### RECORDS SHOWN
-- Opening Marker --
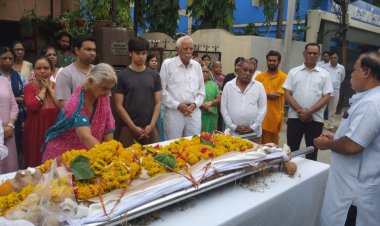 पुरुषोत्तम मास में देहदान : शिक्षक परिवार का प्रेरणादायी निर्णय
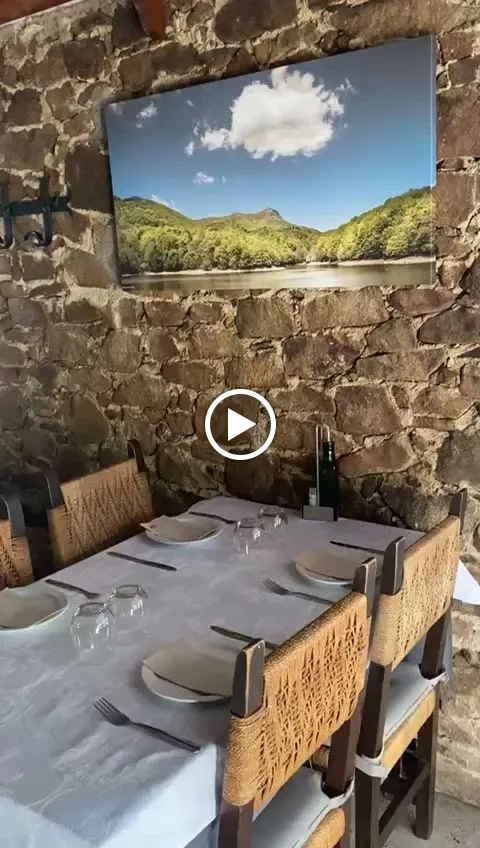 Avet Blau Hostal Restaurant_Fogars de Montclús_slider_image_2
-- Closing Marker --
-- Opening Marker --
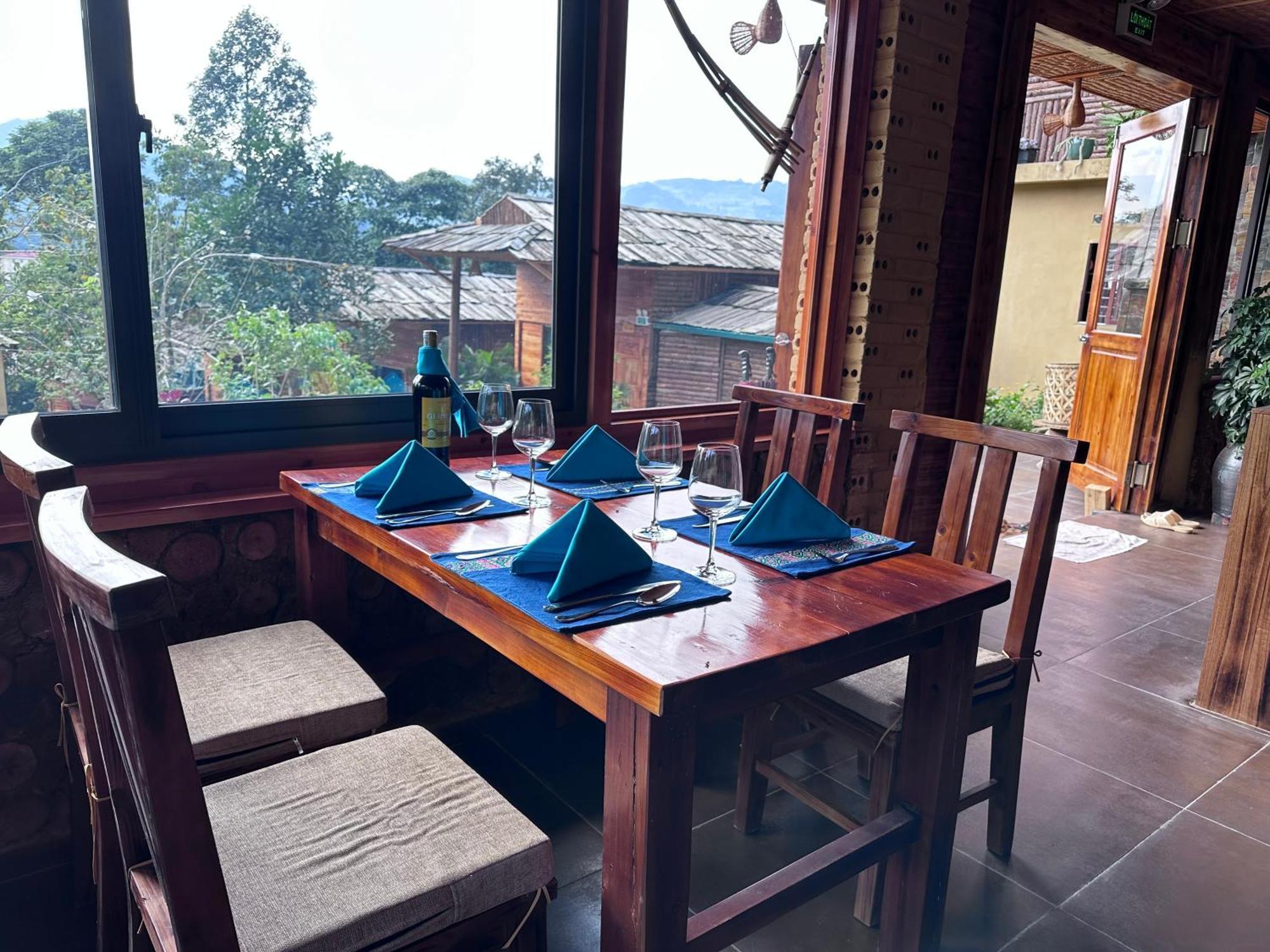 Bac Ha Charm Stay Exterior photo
-- Closing Marker --
### WHAT IS REQUIRED
Would you output the lines above from the line holding "पुरुषोत्तम मास में" up to and including the line holding "Avet Blau Hostal", exactly and only those, with no pictures?

### WRITTEN SOLUTION
 पुरुषोत्तम मास में देहदान : शिक्षक परिवार का प्रेरणादायी निर्णय
 Avet Blau Hostal Restaurant_Fogars de Montclús_slider_image_2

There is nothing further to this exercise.